# Streams - Consuming data via REST API

Given some environment restrictions or preference by IT policies, this notebook shows an alternative mechanism to consume content from Streams. Specifically pulling messages from Google Cloud Pub/Sub Subscriptions using a convenitional REST API, instead of using the default streaming protocols. 

The current notebook shows how to interact with these taxonomies to convert codes to human-readable values or viceversa.

In this notebook...
* [Dependencies and Initialisation](#dependencies-and-initialisation)
* [Authentication](#authentication)
* [Pulling and Processing Messages](#pulling-and-processing-messages)
* [Acknowledging Messages](#acknowledging-messages)
* [Next Steps](#next-steps)

## Dependencies and Initialisation

This notebook expects that the `FACTIVA_USERKEY` and `FACTIVA_SUBSCRIPTIONID` are set in the `.env` file when the `dotenv.load_dotenv()` is executed. More details in the [Configuration notebook](0.2_configuration.ipynb).

In [1]:
import json
import os
import requests
import datetime
import jwt          # pip install PyJWT
import base64

from dotenv import load_dotenv
load_dotenv()

STREAM_CRED_URL = 'https://api.dowjones.com/sns-accounts/streaming-credentials'

USERKEY = os.environ['FACTIVA_USERKEY']
REQ_DEFAULT_HEADERS = {
    'user-key': USERKEY,
    'content-type': "application/json",
    'cache-control': "no-cache",
    'X-API-VERSION': "3.0"
}
SUBSCRIPTIONID = os.environ['FACTIVA_SUBSCRIPTIONID']
AUTHZ_URL = 'https://oauth2.googleapis.com/token'

## Authentication

Loads the streaming credentials from the API and extracts details needed for Google Cloud Pub/Sub requests.

In [2]:
resp = requests.get(STREAM_CRED_URL, headers=REQ_DEFAULT_HEADERS)
streaming_credentials = json.loads(resp.json()['data']['attributes']['streaming_credentials'])

private_key_id = streaming_credentials['private_key_id']
private_key = streaming_credentials['private_key']
client_email = streaming_credentials['client_email']
project_id = streaming_credentials['project_id']

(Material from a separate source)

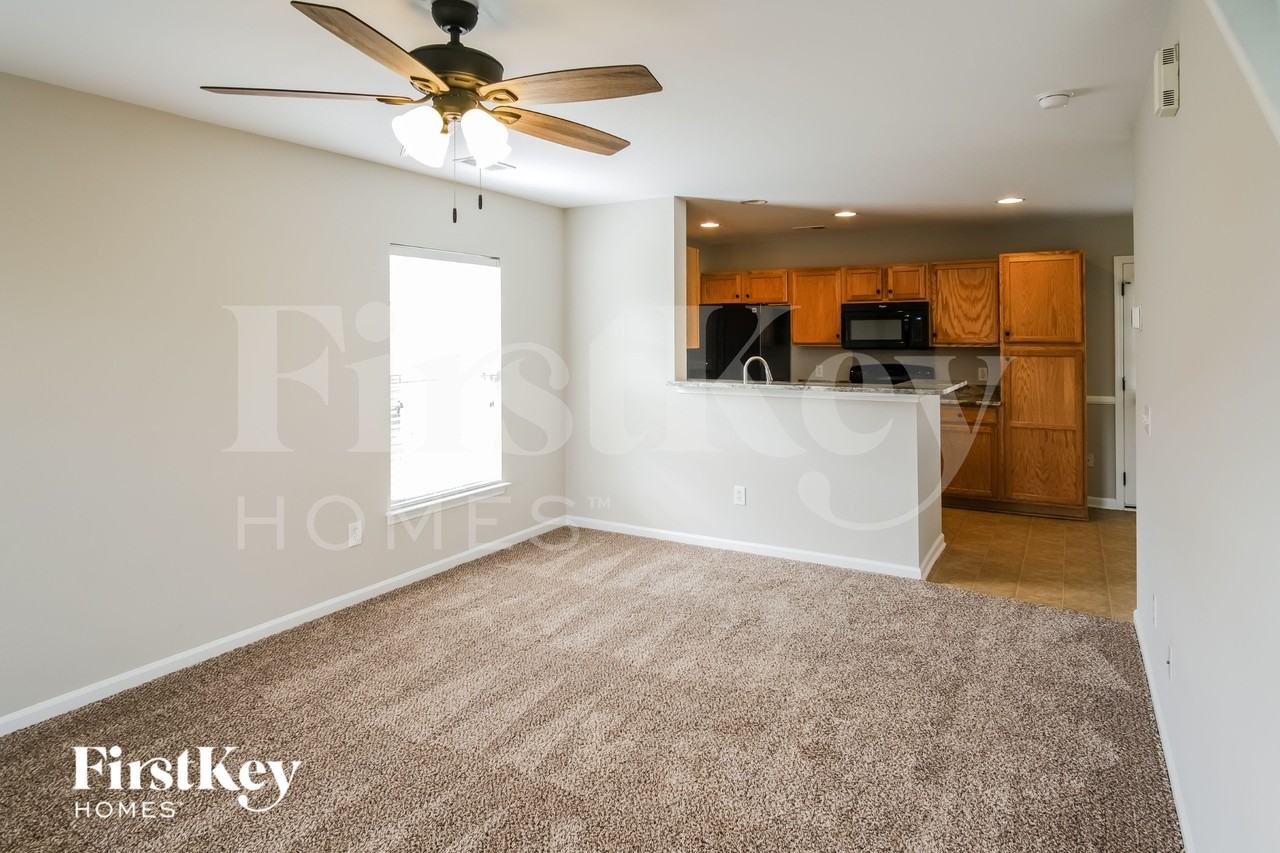 615 Silver Moss Dr - Photo 2 of 15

With the streaming credentials data, builds an Authentication Token request object.

In [3]:
iat_dt = datetime.datetime.now()
iat = int(iat_dt.timestamp())
exp_dt = iat_dt + datetime.timedelta(seconds=3600)
exp = int(exp_dt.timestamp())

payload = {
    'iss': client_email,
    'scope': "https://www.googleapis.com/auth/cloud-platform https://www.googleapis.com/auth/pubsub",
    'aud': "https://oauth2.googleapis.com/token",
    'iat': iat,
    'exp': exp
}

additional_headers = {
    'kid': streaming_credentials['private_key_id']
}

authn_token = jwt.encode(payload, streaming_credentials['private_key'], headers=additional_headers, algorithm="RS256")

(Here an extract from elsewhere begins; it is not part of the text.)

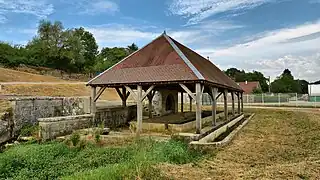 Le lavoir-abreuvoir.
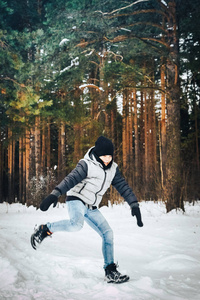 十几岁的男孩在冬天的森林里玩得很开心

With the Authentication token, it uses the Google Auth service to obtain a Bearer Token (`jwt_token`).

In [4]:
authz_payload = {
        'grant_type': 'urn:ietf:params:oauth:grant-type:jwt-bearer',
        'assertion': authn_token
    }

resp = requests.post(AUTHZ_URL, data=authz_payload)
jwt_token = resp.json()

## Pulling and Processing Messages

Constants for the message consumption section.

In [None]:
PUBSUB_HEADERS = { 'Authorization': f"Bearer {jwt_token['access_token']}" }
PULL_BODY = { 'maxMessages': 10 }
PULL_URL = f"https://pubsub.googleapis.com/v1/projects/{project_id}/subscriptions/{SUBSCRIPTIONID}:pull"
ACK_URL = f"https://pubsub.googleapis.com/v1/projects/{project_id}/subscriptions/{SUBSCRIPTIONID}:acknowledge"
INFO_URL = f"https://pubsub.googleapis.com/v1/projects/{project_id}/subscriptions/{SUBSCRIPTIONID}"

Message handling custom function and list of messages acknowledgement function.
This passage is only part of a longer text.